- **DATA SHOWN**:
###

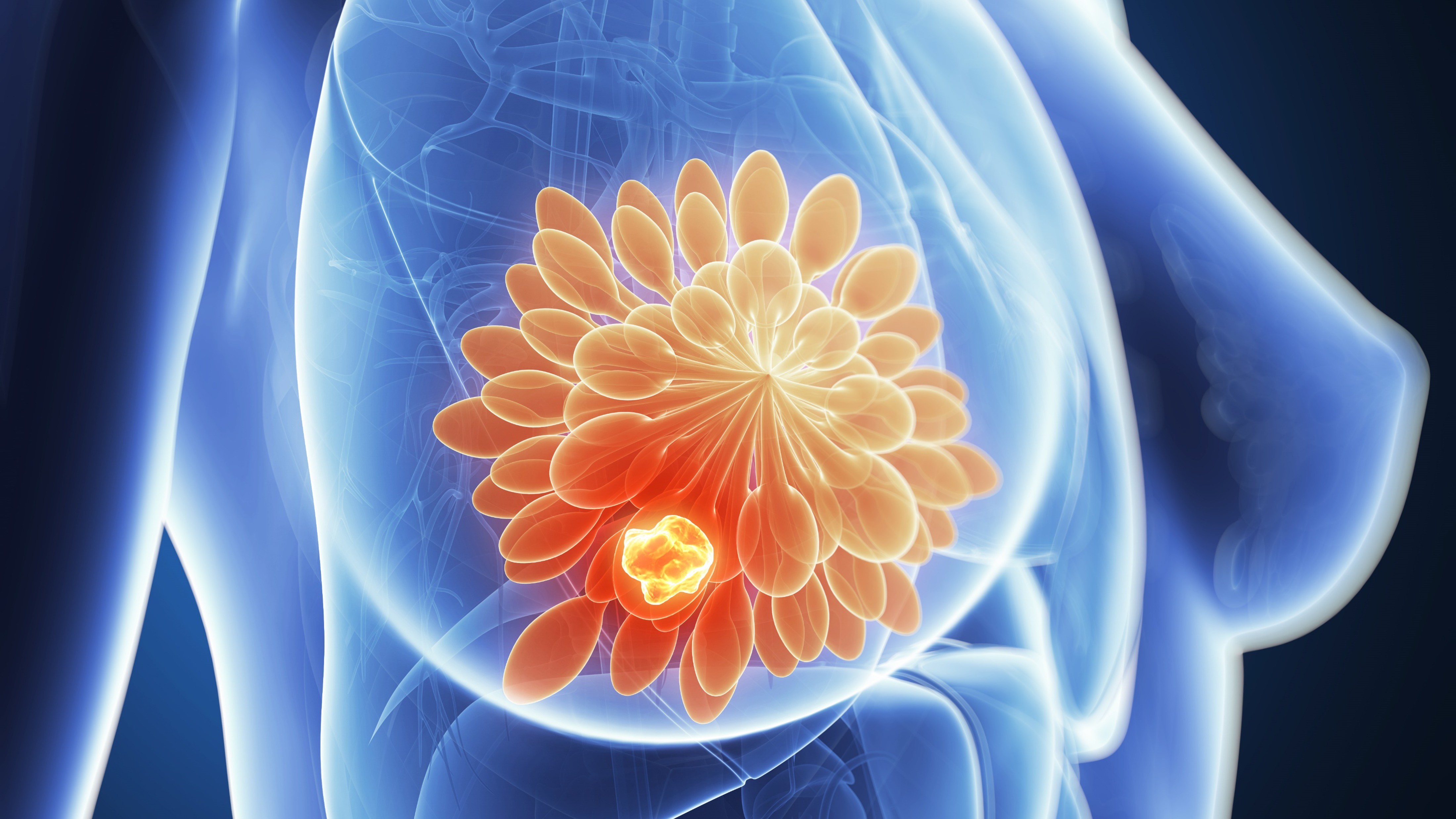 Cáncer de mama avanzado con mutación PIK3CA: inavolisib, palbociclib y fulvestrant mejoraron significativamente la SG, estudio INAVO120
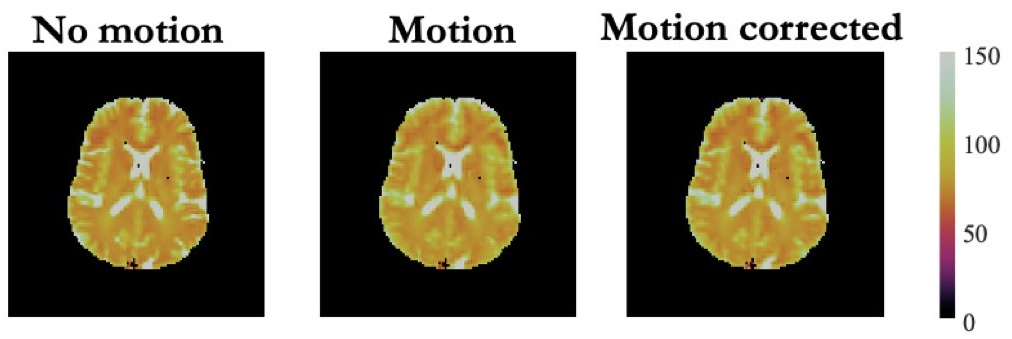 La correction du mouvement pour des cartes T2 en 3D de qualité
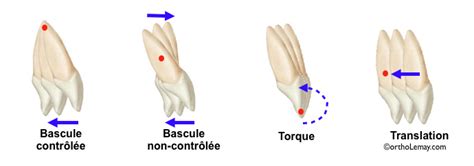 Movement Of Teeth In The Bone And Gingiva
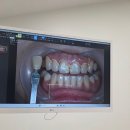 미백 | 신사역 치아미백 후기 레브치과 내돈내산 전후비교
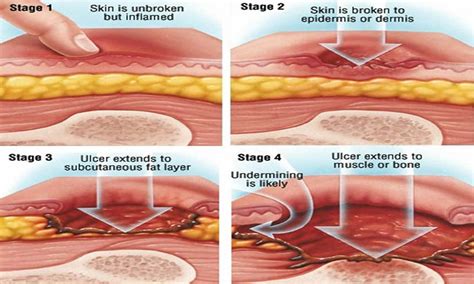 What Are The Five Stages Of Wound Healing - BEST HOME DESIGN IDEAS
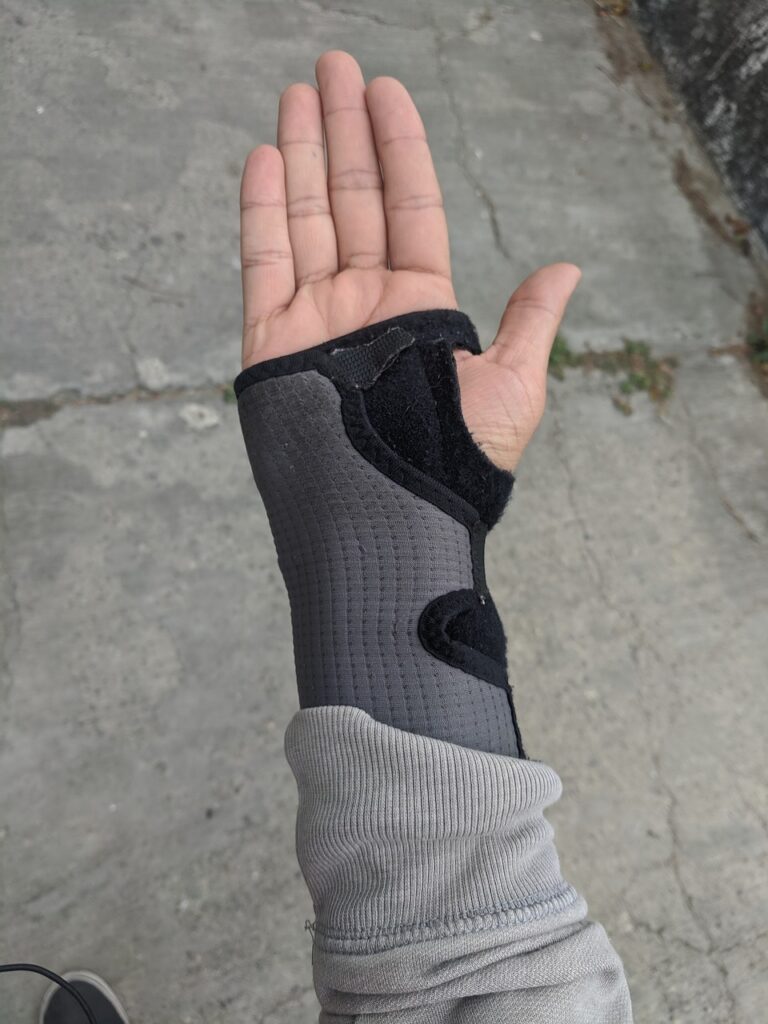 wrist brace for joint protection for the wrist with lupus arthritis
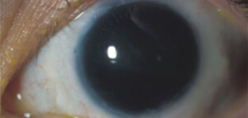 Aniridic keratopathy and total limbal stem cell deficiency—right eye 15 year postop after a keratolimbal allograft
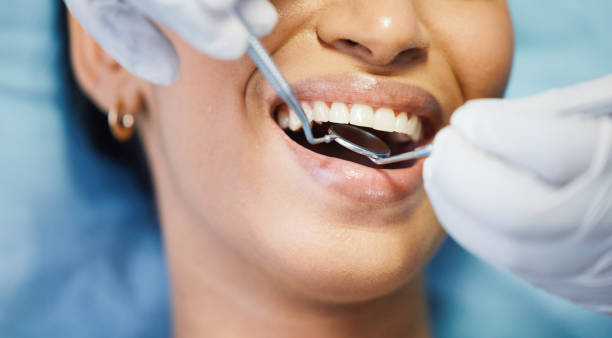 Best Emergency Dental Services for Seniors in North Highlands, CA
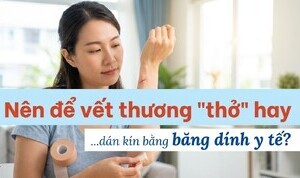 Nên để vết thương 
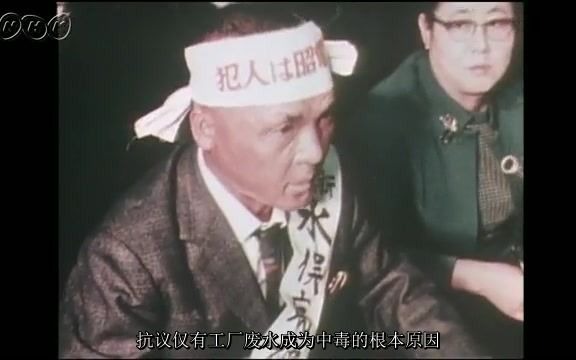 【开头抽搐病症预警】 日本水俣病专题 NHK放送 1956年1973年哔哩哔哩bilibili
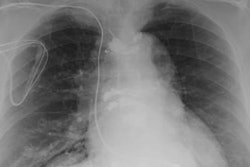 2020 10 22 20 38 4257 2020 10 22 Mri Implants Figure4 20201022205322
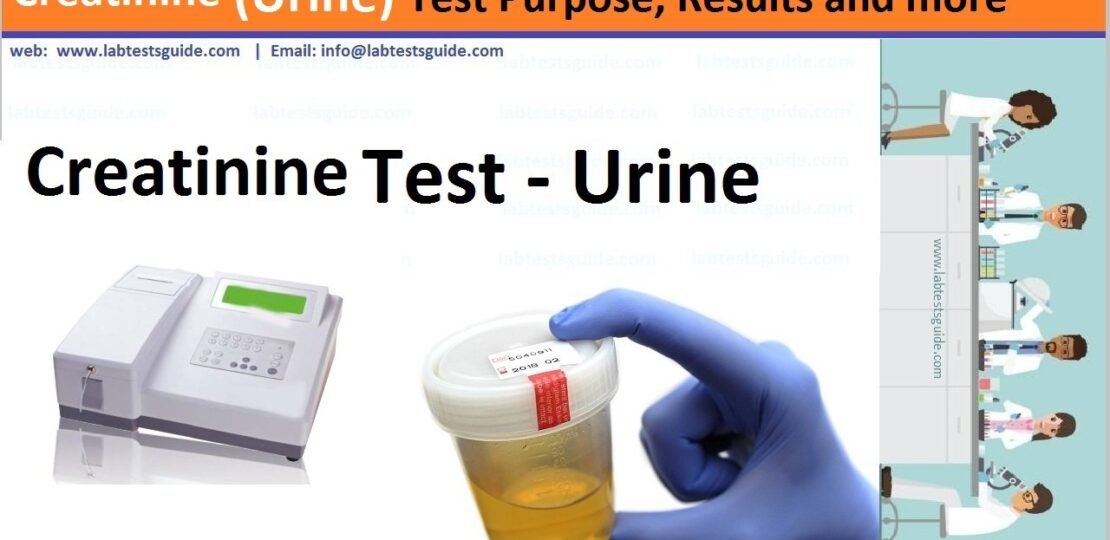 Creatinine (Urine)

###

Print the material in full and exactly, minus the pictures.

 Cáncer de mama avanzado con mutación PIK3CA: inavolisib, palbociclib y fulvestrant mejoraron significativamente la SG, estudio INAVO120
 La correction du mouvement pour des cartes T2 en 3D de qualité
 Movement Of Teeth In The Bone And Gingiva
 미백 | 신사역 치아미백 후기 레브치과 내돈내산 전후비교
 What Are The Five Stages Of Wound Healing - BEST HOME DESIGN IDEAS
 wrist brace for joint protection for the wrist with lupus arthritis
 Aniridic keratopathy and total limbal stem cell deficiency—right eye 15 year postop after a keratolimbal allograft
 Best Emergency Dental Services for Seniors in North Highlands, CA
 Nên để vết thương 
 【开头抽搐病症预警】 日本水俣病专题 NHK放送 1956年1973年哔哩哔哩bilibili
 2020 10 22 20 38 4257 2020 10 22 Mri Implants Figure4 20201022205322
 Creatinine (Urine)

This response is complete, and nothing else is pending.